De mogelijke gevolgen van een totale afschaffing van IE-wetten zijn desastreus. Creatieve industrieën zoals muziek, film, uitgeverij en software zouden economisch imploderen, met massaal banenverlies en een verschraling van het culturele aanbod tot gevolg. Investeringen in kostbare R&D, met name in sectoren als de farmacie en hoogwaardige technologie, zouden drastisch teruglopen, wat de maatschappelijke vooruitgang op lange termijn zou schaden. De markt zou worden gedomineerd door snelle kopieerders met grote productiemacht, ten koste van originele makers en innovators. Er zou juridische chaos ontstaan, zonder duidelijk kader voor het eigendom en de overdracht van creatieve en intellectuele voortbrengselen.
Natuurlijk is het huidige IE-systeem niet perfect.

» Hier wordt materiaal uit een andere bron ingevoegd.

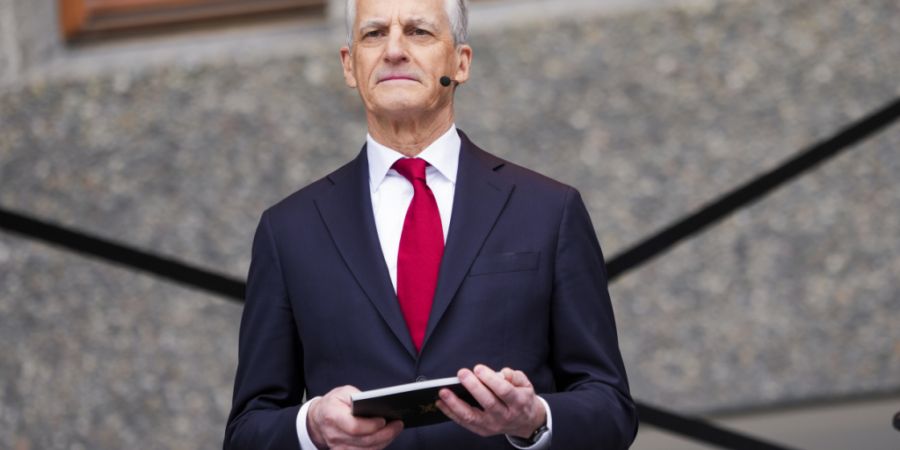 ARCHIV - Der norwegische Premierminister Jonas Gahr Støre (Ap) spricht während der offiziellen Eröffnung des neuen Regierungsviertels. Foto: Ole Berg-Rusten/NTB/dpa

Er zijn legitieme discussies te voeren over de duur van beschermingstermijnen, de reikwijdte van octrooien, het fenomeen 'patent trolls' en de balans tussen bescherming en toegang tot informatie en cultuur. Hervormingen zijn nodig om het systeem aan te passen aan de digitale tijd en om misbruik tegen te gaan. Echter, de radicale oproep van Dorsey en Musk om het kind met het badwater weg te gooien, getuigt van een gevaarlijk gebrek aan begrip voor de complexe juridische en economische fundamenten waarop onze innovatieve en creatieve samenleving rust.
Intellectueel eigendom is geen obstakel voor vooruitgang; het is een zorgvuldig geconstrueerd (zij het imperfect) mechanisme dat innovatie en creativiteit mogelijk maakt en stimuleert door bescherming, erkenning en de mogelijkheid van compensatie te bieden. Het afschaffen ervan zou geen utopie van vrije creatie inluiden, maar een dystopie van economische stagnatie, culturele verarming en de triomf van de imitator over de innovator. In plaats van te luisteren naar de verleidelijke, maar destructieve sirenenzang van totale afschaffing, moeten we ons richten op doordachte hervormingen die het delicate evenwicht tussen de belangen van makers, gebruikers en de samenleving als geheel beter borgen. De oproep van Dorsey en Musk, mogelijk ingegeven door een specifiek technolibertarisch perspectief of strategische overwegingen in het licht van juridische druk op de tech-industrie, verdient dan ook geen navolging, maar een krachtig en gefundeerd weerwoord.